A two-headed banker with ticking clocks for eyes.
A slime priest made entirely of melting contracts.
A seven-year-old girl with a plague mask and a candy necklace made of teeth.
Each one stood behind their own auction podium, glowing with power, waiting to bid.
Me, I was the guy with messy hair, torn boots, and zero clue what I was doing.
Typical Tuesday.
"Welcome to the Hollow Auction," said a voice, cool and sharp like iced wine over a knife blade.
It came from him.
Karys the Final Bidder.
He stood on a throne made of receipts. Black suit. Blacker smile. His face was hidden behind a ledger-shaped mask, and where his heart should've been, there was a spinning hourglass full of flickering dooms.
He raised a hand.
"Today's first item," he said, "is a rare fusion doom, fresh, unstable, unrecorded."
The crowd leaned in.
Karys looked straight at me.
"The Bleeding Echo."
My heart stopped.
Oh. Oh, no!!
"Seller: Dren Vorsk," he said. "Starting bid: One divine weapon, forged in a dying sun."
The two-headed banker banged his podium. "I bid the Sword of Regression. Cuts things backward in time."
The slime priest burbled, "A memory scythe. Harvests forgotten regrets."
Then the girl in the plague mask giggled.
"I bid... my childhood."
Everyone went silent.
Even me.
Karys tilted his head. "Accepted."
I blinked. "Wait, hold on, what happens if someone buys my doom?"

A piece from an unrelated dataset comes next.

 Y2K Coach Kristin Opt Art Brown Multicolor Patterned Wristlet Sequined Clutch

"You gain what they offer," the Ledger whispered. "And they gain your apocalypse."
My pulse jumped. "And if they use it?"
"That's... not your business anymore."
Of course.
Because once you sell a doom, it's out of your hands. Unleashed. Spreading somewhere else. Hurting someone else.
I looked at that plague girl, all teeth and nightmares and sad laughter.

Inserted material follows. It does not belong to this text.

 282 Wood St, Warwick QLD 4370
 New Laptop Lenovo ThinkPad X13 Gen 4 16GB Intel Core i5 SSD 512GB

Could I really sell this to her?
Could I let her take the Bleeding Echo and let it live?
Then the world glitched.
Time slowed.
A ripple moved through the Auction.
Everyone froze, except for the man who just appeared behind me.

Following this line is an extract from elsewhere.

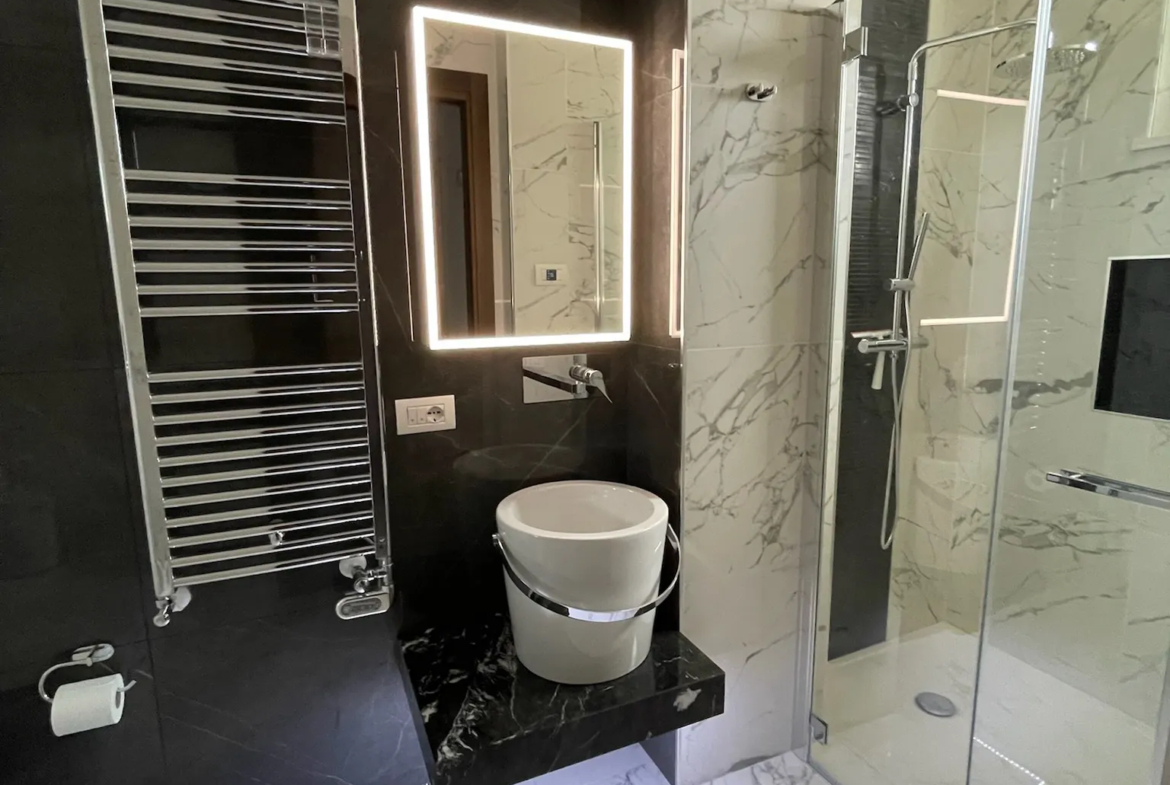 Luxury 6 Bed Villa For sale in MONTENERO DI BISACCIA Molise Abruzzo Italy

Long coat. Skin like polished obsidian. Silver crown hovering above his head. A dozen clocks floating around him, each ticking in a different language.
"Time Emperor Vael," whispered the Ledger.
His voice was calm and deep.
"I bid... a future."
Karys sat up.
The others gasped.
Even the plague girl stopped giggling.
Because that? That was a big deal.
A "future" in this place wasn't just a fancy word.
It was literal.
A tradeable, packaged, future. Yours. Someone else's. Who knows.
Karys said, "Accepted. Going once..."
I panicked.
"WAIT!!"
Everyone turned.
I slammed my hand on my podium. "I retract the sale!"
Silence.
Long, awkward, pressurized silence.
Karys stood.
"No seller has ever backed out after bids have been made," he said coldly. "That's against the rules."
The Ledger buzzed in my hands.
"Offer a counter-trade," it said. "Something impossible. Something bold."
I looked around.
Then I shouted:
"I offer... the Doom of Forgetting!"
Everyone paused.
Whispers. Murmurs. A few chuckles.
"That doom doesn't exist," Vael said.
"It does now," I snapped.
The Ledger vibrated. Pages flipped. Words burned into existence.
[DOOM CREATED: Doom of Forgetting]
Effect: Erases a moment, an event, or even a location, from memory, records, and time.
Trade Value: Catastrophic. Dangerous. BANNED in four dimensions.
Karys stared at me. Then, slowly, smiled.
"A clever merchant," he said.
Then he banged the Final Gavel.
Trade accepted. Doom of Forgetting activated.
You ever feel reality skip?
Because I do.
A second later, the auction was just... over.
No one remembered what happened.
Not even me.
The platform was gone. The bidders? Gone. Karys? Gone.
I was back in my cave.
Ledger in my lap.
Heart beating so fast.
My doom, the Bleeding Echo, hadn't been sold.
The auction?
Erased.
All because I traded a doom that hadn't existed five minutes ago.
Guess I'm that kind of merchant now.
Far away, in a crumbling tower wrapped in regret, Karys the Final Bidder stood alone.
He touched his mask, frowned. "Interesting," he muttered. "The boy made a forbidden trade."
Then, behind him, a door opened.
A woman stepped in. Messy silver hair. Sharp eyes. And a grin like trouble wearing perfume.
Syphine.
"I want in," she said. "Let me break your little merchant."
Karys nodded.
"Do it fast," he said. "Before he finds out about cursed dooms."